* Henry Baker <hbaker1@pipeline.com> [Apr 10. 2015 14:07]:
I wouldn't confuse machine instruction encoding with machine instruction execution.
I don't.
There are some machines that "compile" standardly-encoded instructions on-the-fly into the instruction cache as very different RISC/VLIW instructions.* Thus, a lot of compiler cleverness (e.g., LEA) is wasted because both the clever and the non-clever instruction encodings end up as the same bit patterns (and execution speeds) in the instruction cache.
Special instructions like lea are there for a reason. Even if lea would lead to equivalent micro-ops, a faster decoding may lead to faster execution. Without even reading up: lea is obviously an very important instruction and will get special care with regard to speed of execution.
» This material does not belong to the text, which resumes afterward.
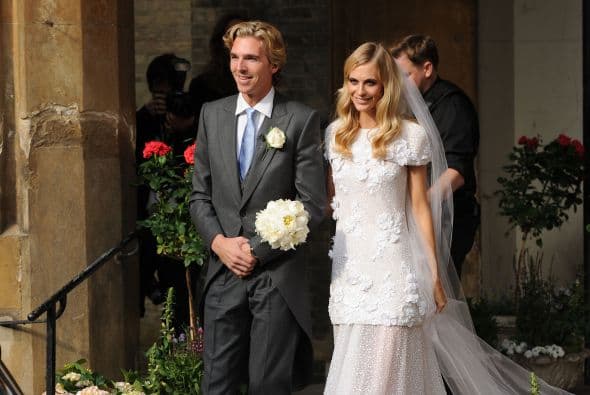 El estilo ‘maid of honor’ de Cara Delevingne es bastante simple y 'chic'.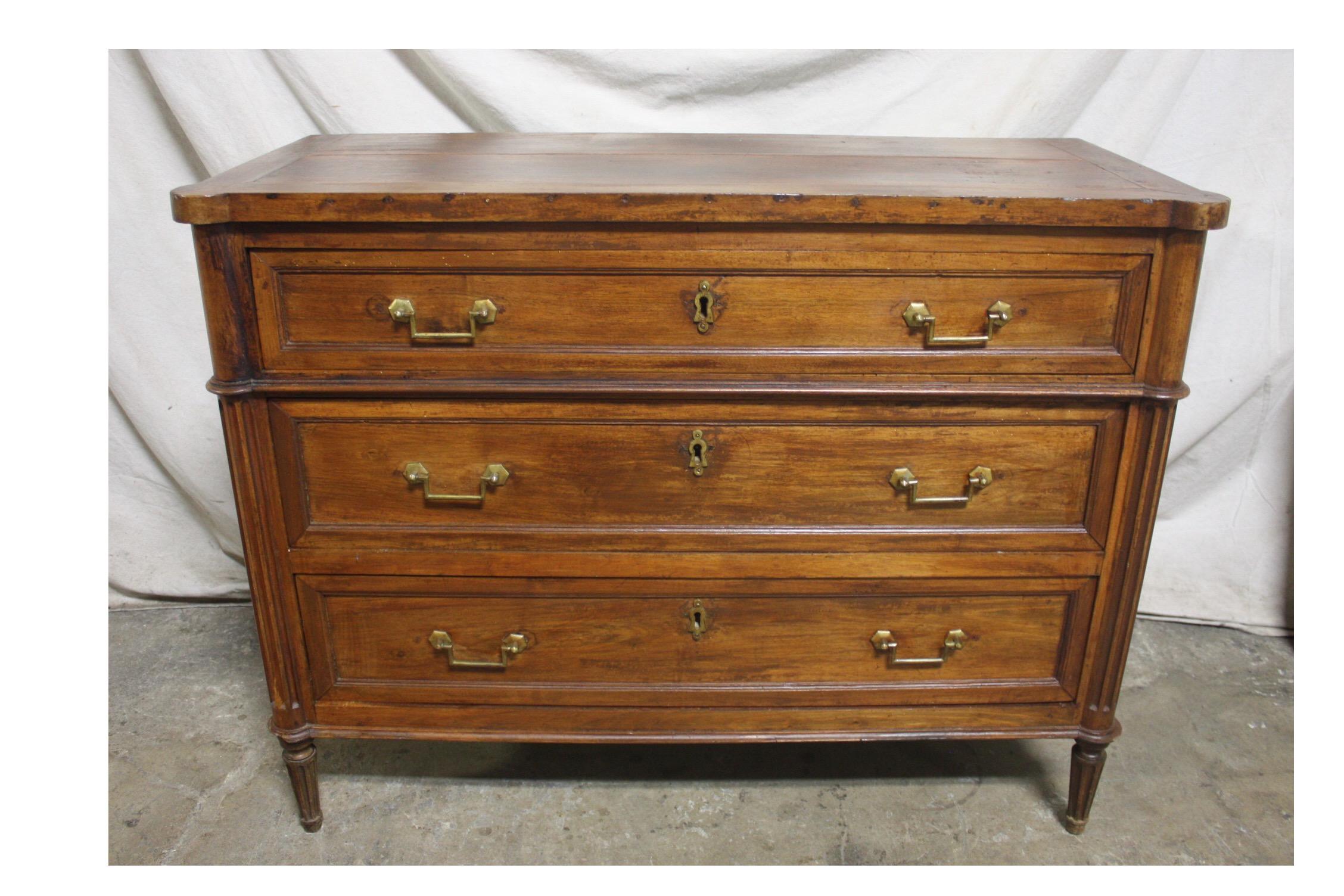 Charming 19th Century French Commode 3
With good compilers you can learn which instructions are especially fast by looking at the generated assembler code: it's those instructions that the compiler chooses to use.
So unless the instructions are never already in the instruction cache at the time that the instruction is actually executed, there isn't much penalty to the non-clever encoding.
Note also that many machines do relatively aggressive pre-fetch on instructions, because the penalty for extra speculation on instructions isn't very high. On newer Intel processors with execute-only pages, the processor is free to pre-fetch like crazy.
Not sure I understand this, but "pre-fetching makes other optimizations unimportant" is completely wrong.
Thus, the only savings for such clever compiler encodings is in the size of the binary file, which -- in these days of 100MB-1GB applications -- is pretty insignificant.
*Gasp*, noooo! There are different compiler switches for (small) size and speed, that's for a reason. Unless you want to sacrifice performance by factor anywhere from 3 fold to 20 fold, just read any of Advanced Micro Devices (AMD) Inc.: {Software Optimization Guide for AMD64 Processors}, Publication no.25112, Revision 3.06, \bdate{September-2005}. Advanced Micro Devices (AMD) Inc.: {Software Optimization Guide for AMD Family 10h Processors}, Publication no.40546, Revision 3.1, \bdate{May-2009}. (there is a newer version) Intel Corporation: {Intel 64 and IA-32 architectures optimization reference manual}, \bdate{November-2007}. (there is a newer version) ... or what the maker of your favorite CPU has to offer. I made the "20 fold" up, the greatest ratio I have seen was about 10 thousand (clueless big program versus tiny and clever).
* This is yet another reason for separate instruction & data caches, * which can cause all sorts of mischief when then get out of sync -- * e.g., you can hide malicious code in plain sight (well, in the * instruction cache), while the data cache shows the non-malicious * code. But this is a discussion for another day.
I always assumed the are mechanisms for cache-coherency, am I wrong? Even if there are none: "executable" and "writable" should be mutually exclusive for any memory page (leaving security aside, self-modifying code tends to cripple performance). Best regards, jj
[...]